This amendment requires the Secretary of State to make regulations that would allow universal credit claimants to opt to have the housing cost element of their award paid direct to the landlord, irrespective of the reason. One key principle of UC is that the single, monthly payment mirrors the payment of monthly wages that most claimants would receive if they were in full-time employment. Whether they are receiving UC or are working, tenants need to make similar decisions on managing their money, including paying their own rent.

The Government understand that a move to a single, monthly household payment is a significant change for many claimants and that some will require help and support. Regulations came into force in February last year to allow DWP to inform social landlords whenever one of their tenants makes a claim for or is awarded universal credit with housing costs or when an existing universal credit claimant moves to one of their properties. This enables the social landlord to decide whether the claimant requires advice, support or assistance in budgeting so that they can manage their rental payments.

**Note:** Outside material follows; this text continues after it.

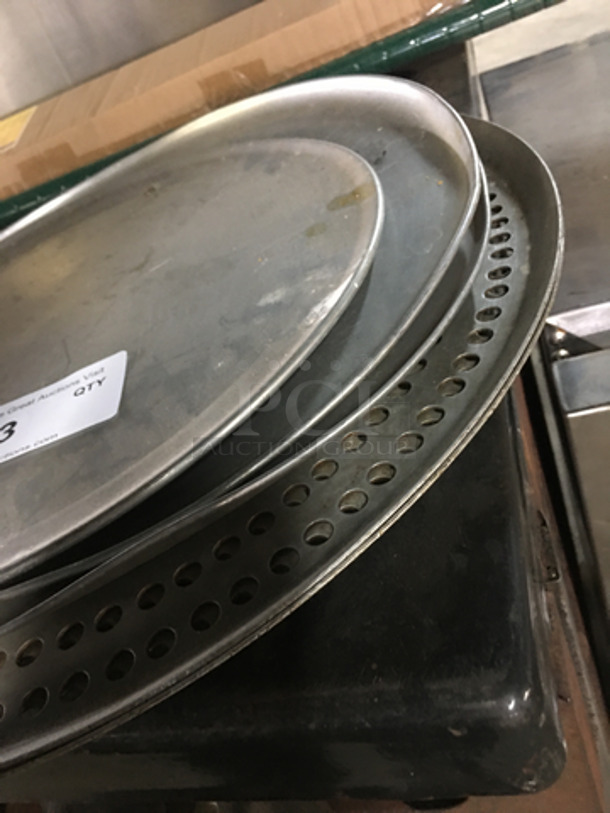 ALL ONE MONEY! Various Round Pizza Pans And Round Perforated Pans! All Metal And Stainless Steel! - Image 2 of 4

There will, of course, be instances where the claimant needs additional support and, to this end, the Secretary of State already has powers to pay all or some of a claimant’s UC entitlement to a third party through alternative payment arrangements—or APAs, in the trade. There are three APAs: paying rent directly to the landlord; making more frequent than monthly payments; or splitting the payment within the household. APAs can be considered by the Secretary of State at any point during the universal credit claim, whether at the outset or later on, if a claimant cannot manage the monthly payment arrangement.

Recent improvements allow the landlord to email their APA requests, which are dealt with in a matter of days as a priority—so some of the early teething problems as we started rolling out the system have been addressed to speed up that process. Wherever possible, these arrangements are time-limited and delivered with appropriate budgeting support to help claimants make the transition to monthly budgeting.

The arrangement also covers claimants who are in rent arrears, and managed payments to the landlord will be considered where claimants have arrears of at least one month due to repeated underpayment or where the claimant owes arrears of at least two months and is at risk of eviction. These protections, combined with the measures enabling landlords to recover arrears from a tenant’s UC award, already mitigate any impact on landlords’ income or on homelessness.

We are in fact making a series of initiatives in this area and one of the most interesting is the trusted partner trials, where we are working with local authorities so that they decide the people who should be put on an APA, at least initially, and then look to see the budgeting support that a person needs to run their own funding.

Picking up the point made by my noble friend Lord Cathcart on experience, in terms of arrears we did an elaborate direct payment project and we found that, in the early stages, the numbers who paid in full were running at 95.5%, compared with 99% of those where the state paid. However, by the 18th payment—these were weekly payments in the comparator in this project—the direct payments figure had risen to 99%. Interestingly, this happened when the removal of the spare room subsidy came in, and those tenants who had become used to managing their own rent handled the removal of the spare room subsidy better than the ones who had been on the state-managed payments system. That is not surprising because the managed payments system is not necessarily an easy option where there are reductions for non-dependants, the spare room subsidy and so on, because the claimant will still need to pay the shortfall to the landlord.

The other factor, which I am surprised that noble Lords have not clocked, is that a large number of the families on universal credit are in work. It is not like the old legacy system where you have one lot out of work and one lot in work; this is a blended group and people are moving from the out-of-work group into the in-work group. Therefore, the idea that you can be halfway down the taper—in the jargon—and have a managed payment would be incredibly hard for any organisation, including the DWP and the tenant, to manage. Two million households is equivalent to a quarter of the case load.